Al Teatro Sala Assoli di Napoli, il 12 e 13 novembre 2024, in scena un’altra perla del Campania Teatro Festival: “Io sono un errore”, di Jan Fabre.
Il testo del drammaturgo e artista visivo belga, scritto trentasei anni fa, dal 2007 è stato messo in scena con diverse regie e versioni. La nuova versione dello spettacolo, composizione musicale di Alma Auer e la drammaturgia di Miet Martens, lighting design e tecnica di Wout Janssens, è interpretato da Irene Urciuoli in una grande prova di attrice/performer.
JAN FABRE
Disegnatore, scultore, musicista e regista teatrale, coreografo e scenografo fiammingo, classe ’58, attivo dagli anni Settanta, pone diversi linguaggi al servizio della sua arte. Scrive lavori teatrali dal 1975. Mette in scena “performance in tempo reale”, “installazioni viventi”, una recitazione “fisiologica” che trasferisce ai giovani artisti contemporanei. I suoi dialoghi sono in perfetta fusione con gli altri elementi scenici: danza, musica, opera, performance e improvvisazione.

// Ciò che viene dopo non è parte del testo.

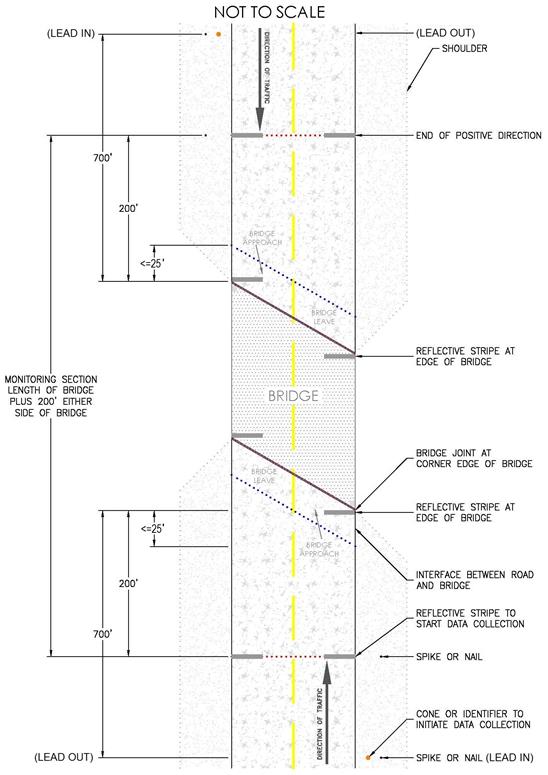 This drawing shows the test setup and layout for bridges with skewed joints. The monitoring section is the length of the bridge plus 200 ft (61 m) before and after the edge of the bridge. Reflective tape or white paint stripes are placed in both directions at four locations: (1) 200 ft (61 m) before the interface, (2) the deck interface before the bridge, (3) the deck interface after the bridge, and (4) 200 ft (61 m) after the interface. A transition distance is within 25 ft (8 m) of the bridge structure. Lead-in and lead-out points are also identified as the start and end of data collection in both directions. Lead-in points are 700 ft (213 m) from the start of the bridge, and lead-out points are 700 ft (213 m) past the end of the bridge.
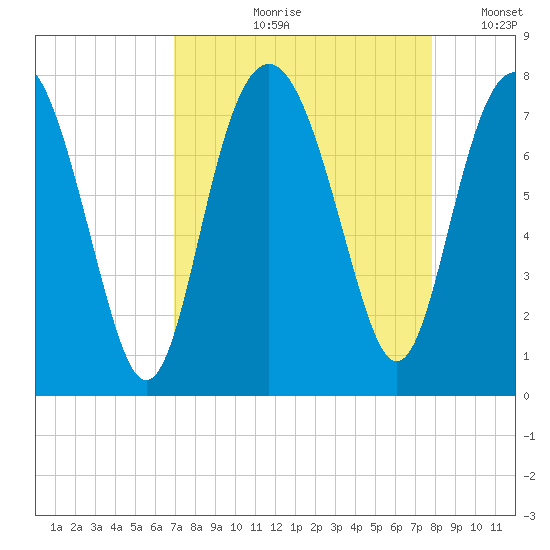 Wilmington tide chart for Wednesday, August 31, 2022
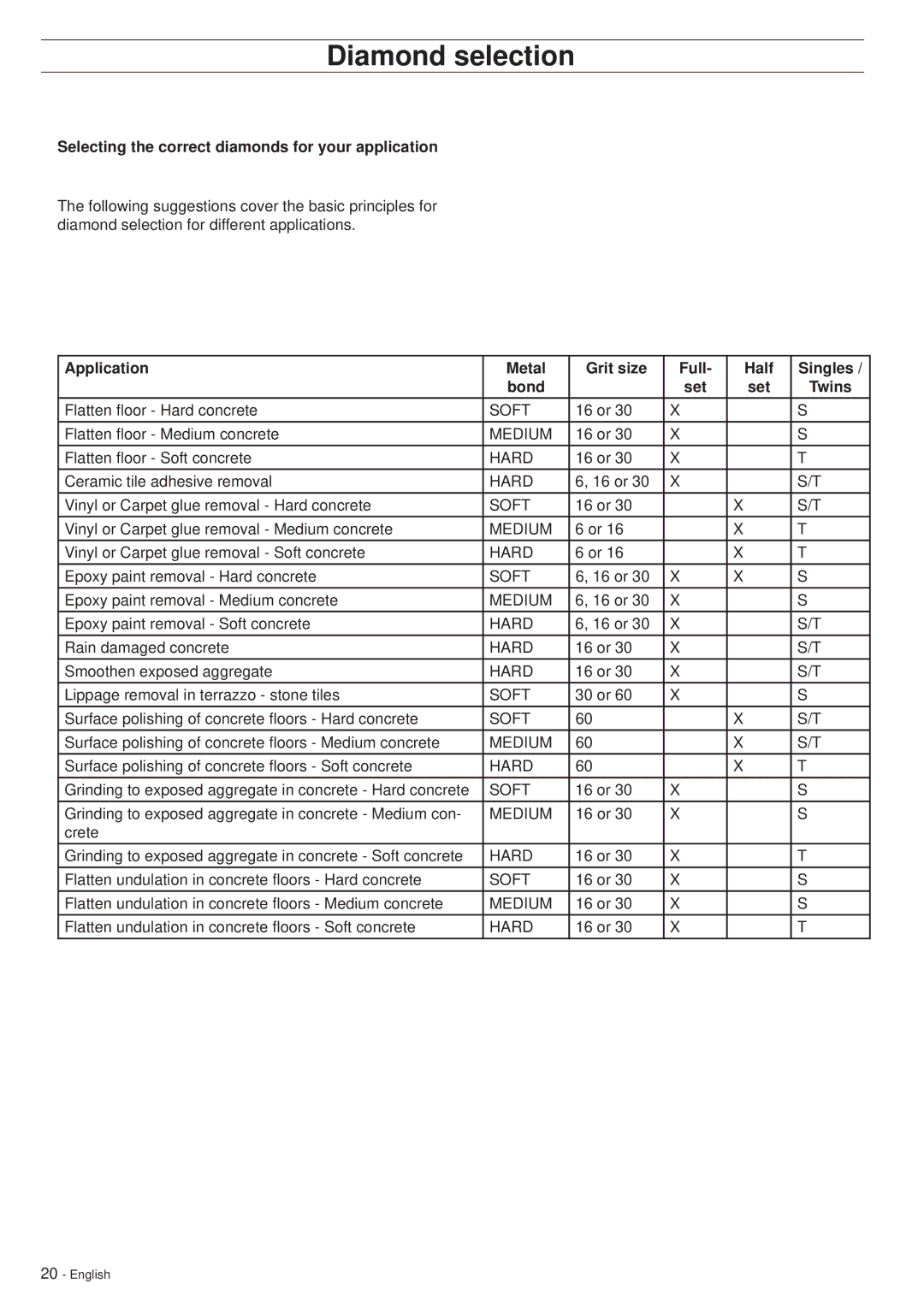 Husqvarna PG530 manuel dutilisation Selecting the correct diamonds for your application, Soft, Medium, Hard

“Io sono un errore” è considerato il manifesto dell’arte e della vita di Fabre vissute senza compromessi o ipocrisie. È anche un grande omaggio all’opera di due geni del ‘900, Luis Buñuel e Antonin Artaud.
LO SPETTACOLO
Il corpo di Irene Urciuolo, seduta su una sedia a ruote, è avvolto in un lenzuolo bianco, simbolico bozzolo, sudario, camice ospedaliero, pudore inimmaginabile per chi invece è sovraesposto, sfacciato, provocatorio. Mantricamente l’attrice ripete “Io sono un errore” perché è l’acerrima nemica di se stessa.
Sbagliata, diversa, non teme la morte, non ha alcun legame con la società contemporanea, odia la moda, alienata. “Sono sbagliata” – ripete al ritmo cadenzato di musica e suoni di metronomica precisione, disturbanti come il suo monologo.

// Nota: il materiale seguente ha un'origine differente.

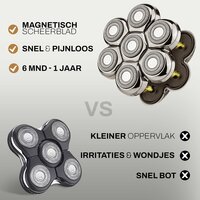 Sansbeaut&eacute;&reg; Hoofdscheerapparaat + Extra Scheerkop | Rpm Max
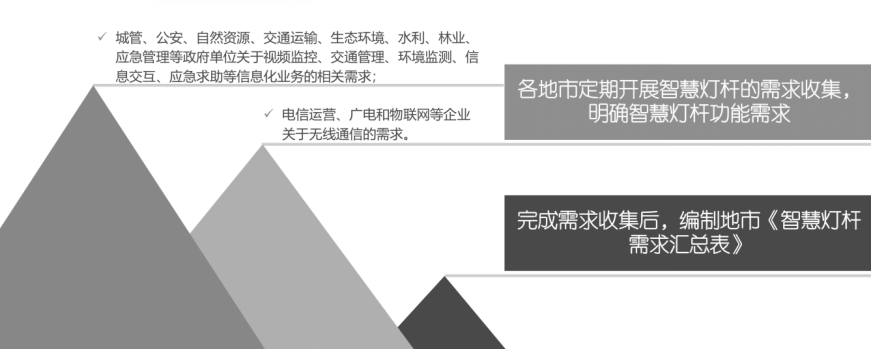 智慧燈桿需求匯總表.png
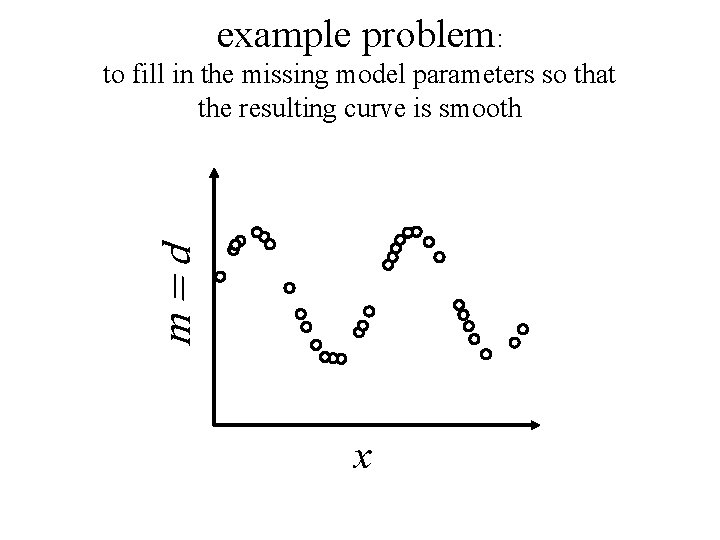 example problem: m=d to fill in the missing model parameters so that the resulting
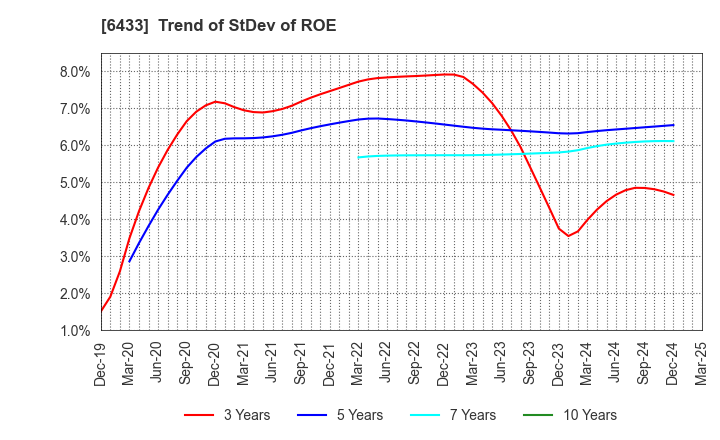 6433 HEPHAIST CO., LTD.: Trend of StDev of ROE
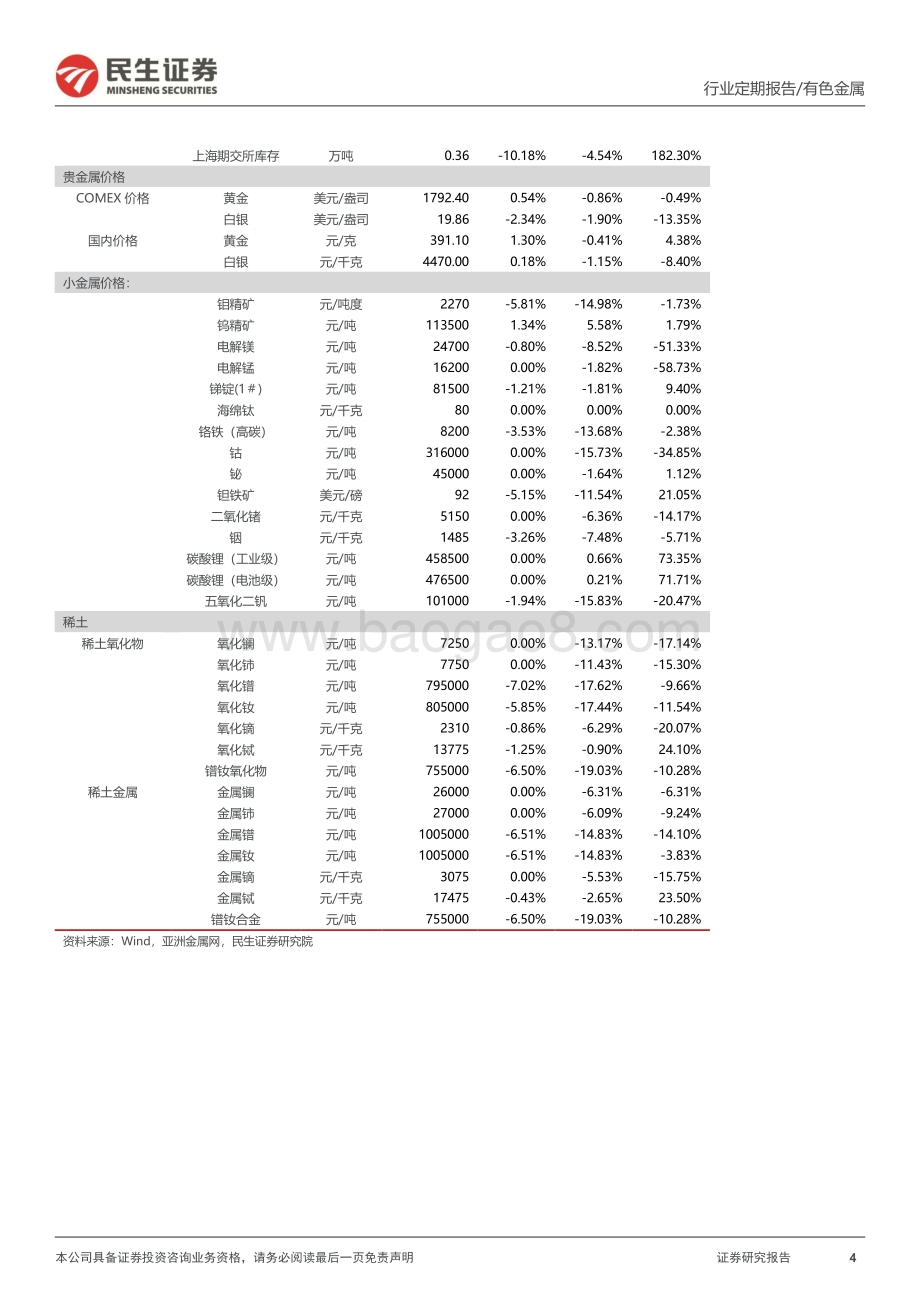 20220807-民生证券-有色金属周报_非农超预期衰退担忧缓解_金属价格震荡反弹_23页_2mb.pdf_第4页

“Io sono un errore perché sono un alveare, perché sono orgogliosa, pomposa, sono un utero, perché non appartengo ad una razza, perché la vita interiore degli altri mi annoia, sono un animale pericoloso, sono una bastarda, sono un Dio”, confessa. E nel raccontarsi tossisce mentre prova continuamente ad accendere con voluttà sigarette proibite: ha il cancro alla gola. Ama la brace che fuma, il carbone, l’odore dei fiammiferi accesi, la nicotina che penetra nei polmoni. La sigaretta dà piacere ai cinque sensi, accendendo in lei un desiderio anarchico, inconciliabile con la vita.
Mentre parla e tossisce si trasforma, diventando creatura sensuale che desidera fino allo spasmo, fino all’autodistruzione. Non è falsa come gli altri e per lei le ipocrite regole della società non valgono. Si distingue, come provano articoli di quotidiani come quello del New York Time che la osanna come artista geniale, alter ego di Jan Fabre.
Sa di non poter contare sulla solidarietà perché non si preoccupa di ciò che dice o pensa. D’altronde è immortale, aristocratica e arrogante. Ultima ribellione, quella del corpo vissuto fino a consumarsi. Nessuna empatia è possibile ma neanche un giudizio per chi rivendica la morte della banalità e dell’appiattimento, costi quel che costi.
“Jan Fabre – rivela l’attrice – ci chiede di difendere la vulnerabilità della bellezza”.
Lunghi e meritati applausi del caloroso pubblico.